Despite large improvements in memory density, all these memories are struggling to keep pace with the ever-increasing performance of logic chips and with the tremendous data growth rate. This has driven the exploration of alternative memory technologies, for standalone as well as for embedded applications. Emerging options range from new technologies for cache level applications, new ways for improving DRAM devices, emerging storage class memories to fill the gap between DRAM and NAND technologies, solutions for improving 3D-NAND storage devices and for archival type of applications. One of these emerging memories are magneto-resistive random access memories (MRAMs).

The early days of MRAM research: from lab to space…
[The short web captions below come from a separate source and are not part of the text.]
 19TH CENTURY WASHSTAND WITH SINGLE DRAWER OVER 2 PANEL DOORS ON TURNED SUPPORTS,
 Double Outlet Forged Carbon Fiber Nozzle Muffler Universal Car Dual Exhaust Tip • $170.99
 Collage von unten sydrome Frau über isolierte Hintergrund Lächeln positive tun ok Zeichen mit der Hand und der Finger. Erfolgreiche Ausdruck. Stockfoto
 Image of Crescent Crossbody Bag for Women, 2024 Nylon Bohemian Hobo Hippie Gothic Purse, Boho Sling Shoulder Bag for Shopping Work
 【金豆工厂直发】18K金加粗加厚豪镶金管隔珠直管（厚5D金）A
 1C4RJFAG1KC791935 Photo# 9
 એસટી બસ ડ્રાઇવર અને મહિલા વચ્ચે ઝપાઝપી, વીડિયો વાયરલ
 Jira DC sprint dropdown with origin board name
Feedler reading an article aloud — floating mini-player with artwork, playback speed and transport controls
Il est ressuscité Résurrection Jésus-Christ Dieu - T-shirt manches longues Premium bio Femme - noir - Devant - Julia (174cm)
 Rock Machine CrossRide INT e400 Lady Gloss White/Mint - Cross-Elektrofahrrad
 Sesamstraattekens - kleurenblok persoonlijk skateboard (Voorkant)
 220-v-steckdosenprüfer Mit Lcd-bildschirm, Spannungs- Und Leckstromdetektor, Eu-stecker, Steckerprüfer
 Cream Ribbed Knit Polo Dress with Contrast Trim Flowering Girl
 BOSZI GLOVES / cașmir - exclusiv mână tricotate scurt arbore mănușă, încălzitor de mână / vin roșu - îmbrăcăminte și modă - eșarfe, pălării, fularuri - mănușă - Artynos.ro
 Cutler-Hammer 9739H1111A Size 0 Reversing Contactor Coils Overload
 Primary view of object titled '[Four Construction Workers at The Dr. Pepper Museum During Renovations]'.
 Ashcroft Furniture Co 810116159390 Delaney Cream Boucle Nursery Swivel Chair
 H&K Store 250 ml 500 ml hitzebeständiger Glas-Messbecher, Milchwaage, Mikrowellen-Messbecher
While traditional memories such as DRAM and NAND Flash make use of electrical charges to store binary data (0 or 1), MRAM utilizes the collective magnetization state of a ferromagnetic layer. Its core element is a magnetic tunnel junction (MTJ) in which a thin dielectric layer is sandwiched between a magnetic fixed layer and a magnetic free layer. Writing of the memory cell is performed by switching the magnetization of the free ferromagnetic layer – the ‘storage’ layer of the MRAM bit cell. For reading, the magnetoresistance of the MTJ is measured by passing a current through the junction. This tunnel magnetoresistance (TMR) can be high or low, depending on the relative orientation of the magnetizations of the free and fixed layers (i.e., parallel or anti-parallel, and thus 1 or 0).

MRAM TMR read operation

Figure 1: Principle of the MRAM TMR read operation.

MRAM is surely not a new technology: its development goes back several decades. The first implementations (such as toggle-mode MRAM) relied on magnetic-field-driven switching, where an external magnetic field was applied to switch and write the memory bit cell. This field was generated by passing an electrical current through a Cu wire. It was a fine piece of engineering, but the magnetic-field-induced switching was not scalable towards smaller sizes – as the current required to achieve the desired field increases with the reduction in the size of the current lines. The technology would never enable high-density MRAM applications and was therefore limited to a few niche applications, such as space – for which it is still being used. In space applications, the great advantage of the magnetic-field driven technology can be fully exploited: it is extremely stable and reliable, and it can operate in radiation harsh environments.

Over the years, new ways of writing the technology have been proposed – including thermally assisted switching – but so far without any great commercial success.

… and to the (niche) market

A major step towards the commercialization of MRAMs came about 20 years ago, with the invention of the spin-transfer torque MRAM (STT-MRAM). Other than the classical MRAM, STT-MRAM uses a current to induce switching of the free magnetic layer. By passing a current through the fixed magnetic layer, one can produce a spin-polarized current – which has more electrons of either spin up or spin down. If this spin-polarized current is directed into the free ferromagnetic layer, the angular momentum can be transferred to this layer (the ‘spin transfer torque’), hence changing its magnetic orientation.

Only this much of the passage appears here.